A Diminished Vision of Civil Rights
By James Crawford
At the core of today’s debates over school accountability lies a contentious question: Does the No Child Left Behind Act (NCLB, 2002) represent a historic advance for civil rights, or a giant step backward for the children it purports to help? This argument has divided the civil-rights community itself, along with its traditional allies in Congress. One side supports stern measures designed to force educators to pay attention to long-neglected students and enable all children to reach ‘proficiency’ in key subjects. The other side argues that NCLB’s tools of choice – high-stakes testing, unrealistic achievement targets, and punitive sanctions – have not only proved ineffective in holding schools accountable; they are pushing ‘left behind’ groups even further behind.
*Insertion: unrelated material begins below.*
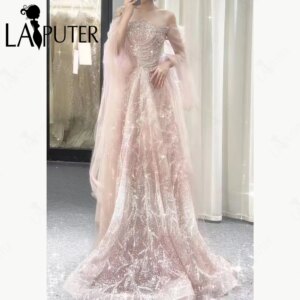 Shiny Pink Floral A line Prom Dresses Sequined Off Shoulder Ribbon Evening Dress Beading String Elegant Woman Celebrity Dress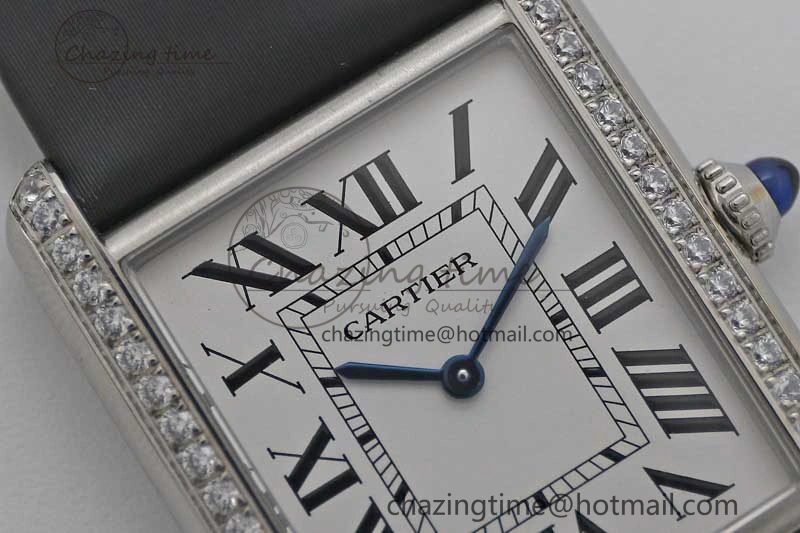 EyeCatching Tank Must Large SS K11F 1:1 Best Edition White Dial Diamonds Bezel on Satin Leather Strap Ronda Quartz 6071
Disagreement is especially acute among advocates for English language learners (ELLs). These students pose a fundamental challenge for the NCLB accountability scheme, owing to the near-total absence of valid and reliable assessments of their academic achievement. Usually tested in English, a language they have yet to master, ELLs tend to perform poorly in both reading and mathematics. Indeed, the law defines them as students who have difficulty meeting state standards because of the language barrier. Nevertheless, under every state NCLB plan, ELLs’ scores on invalid tests must be included in ‘adequate yearly progress’ (AYP) calculations and, where they fall short of AYP targets, schools must undergo ‘corrective action.’
In other words, high-stakes decisions about the education of these students are being made on the basis of data generally acknowledged to be inaccurate. Schools with an ELL‘subgroup’ are being labeled and punished for failure – not because of the quality of instruction they provide, but because existing tests are unable to measure what ELLs have learned.